A little-discussed reason for that disconnect surfaced Tuesday in an internal campaign memo that was written by a consultant to the campaign. It said Mr. Buttigieg’s sexual orientation was a significant obstacle for African-American voters in South Carolina, an early-primary state where black voters make up a majority of the Democratic primary electorate.
Summarizing three focus groups of undecided black voters in the state, the memo concludes that “being gay was a barrier for these voters, particularly for the men who seemed deeply uncomfortable even discussing it.”
The focus groups were small and not statistically representative of the state’s electorate at large, to say nothing of black voters nationwide. But the memo sheds some light on how the Buttigieg campaign sees one of his biggest challenges in the primary.
Among 24 black voters ages 25 to 65 recruited by the Benenson Strategy Group in July, few had heard of Mr. Buttigieg, the 37-year-old mayor of South Bend, Ind. Although being gay was not necessarily a deal breaker, many of the voters feared it would make him unelectable against President Trump, according to the memo, which was first reported by McClatchy.
On learning about Mr. Buttigieg’s biography and record, several people seized on a single mention that he lives with his husband, complaining that he was flaunting being gay.
“That was too much information,” one woman said.
“I don’t like the fact that he threw out there that he lives with his husband,” a man said.
While many of the voters said they were not personally prejudiced, they said they believed that others, especially Republicans, would have problems with Mr. Buttigieg’s sexual orientation and that he would be a weak nominee.
“I don’t think he’s going to be able to be the one to bridge the gap,” a woman said. “I mean, it would be interesting, but it’s not going to happen.”
But there were also positive takeaways for the Buttigieg campaign. Once the voters learned more about the candidate, they scored him highly on his military service, his record in South Bend and his faith. And they were impressed when they heard him speak.
Mr. Buttigieg might raise his prospects among skeptical black voters, the consultant wrote, by winning “endorsements from ‘cool’ black people” to further the notion that being gay wouldn’t be a vulnerability in a face-off with Mr. Trump.
On the whole, the memo says that Mr. Buttigieg’s biggest problem with black voters — one he shares with other candidates — is simply that he is not former Vice President Joseph R. Biden Jr.
“The affinity these voters feel for Joe Biden is deep and strong, rooted in his relationship with Barack Obama who is the ultimate validator,” the memo states.
While Mr. Biden is struggling to hold off rivals in Iowa and New Hampshire, the first two states to vote next year, a polling average in South Carolina shows him with a 25-point lead.
A Digital Feast
Nick here, again. Often on Tuesdays, we’ll assess a noteworthy campaign ad in this space. But aside from all things messaging, I also really, really like to eat. Especially on the campaign trail.

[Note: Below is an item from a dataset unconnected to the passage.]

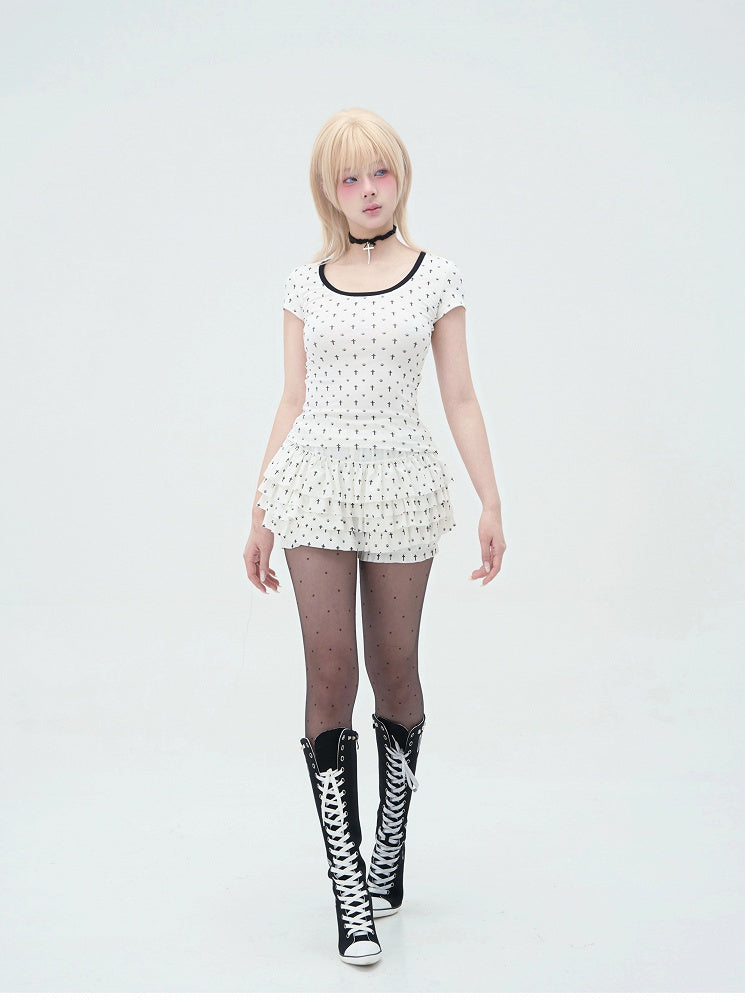 Pastel Gothic White Allover Cat Paw and Cross Print Tiered Ruffles Skort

So while I have your attention, I’ll occasionally be sharing the #campaignfoodreport, an Instagram series I started while covering the Trump campaign in 2016 with help from my colleague Jonathan Martin (and some other campaign road warriors like NBC’s Ali Vitali).
First up, with many of the 2020 candidates in Iowa this week, we’ll salivate over a Hawkeye State staple: the loose meat sandwich.

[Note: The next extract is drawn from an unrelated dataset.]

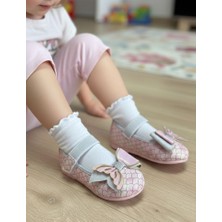 Surpie Shoes Çocuk Renkli Babet, Çocuk Abiye Babet, Kaymaz Tabanlı Çocuk Babet, Denizkızı Babet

Also known as the tavern sandwich, the crumbly, greasy loose meat sandwich was first introduced as a “steamed hamburger” in Montana in 1920. Six years later, it migrated east, emerging as a “loose meat sandwich” at the original Maid-Rite fast food restaurant in Muscatine, Iowa. An institution was born.
With ground beef cooked crumbled (not molded into a patty), sizzled with a fistful of salt, onions and pepper, and smacked with yellow mustard, it’s as much a pulverized hamburger as it is a “sloppy joe without the slop.” The fatty concoction is cut with some sweet pickles.
Along with the Maid-Rite version, perhaps the most famous loose meat sandwich can be found under a parking garage in Ottumwa, Iowa, where the Canteen Lunch restaurant has been piling them high since 1936. The squat, yellow building served as the inspiration for the “Lanford Lunch Box” on the sitcom “Roseanne.”
Earlier this month, I traversed Iowa tracking down the 80-plus family members of Senator Cory Booker scattered around the state. One night, with my dining options hobbled by an hourlong Booker selfie line that began at 8:30 p.m., I decamped to the basement of the St. Burch Tavern in Iowa City, where a Green Goddess salad helped assuage the guilt of my second loose meat sandwich of the week.
Loose meat sandwiches can be found all over the Midwest, but sadly, not anywhere near The New York Times’s headquarters. Yet.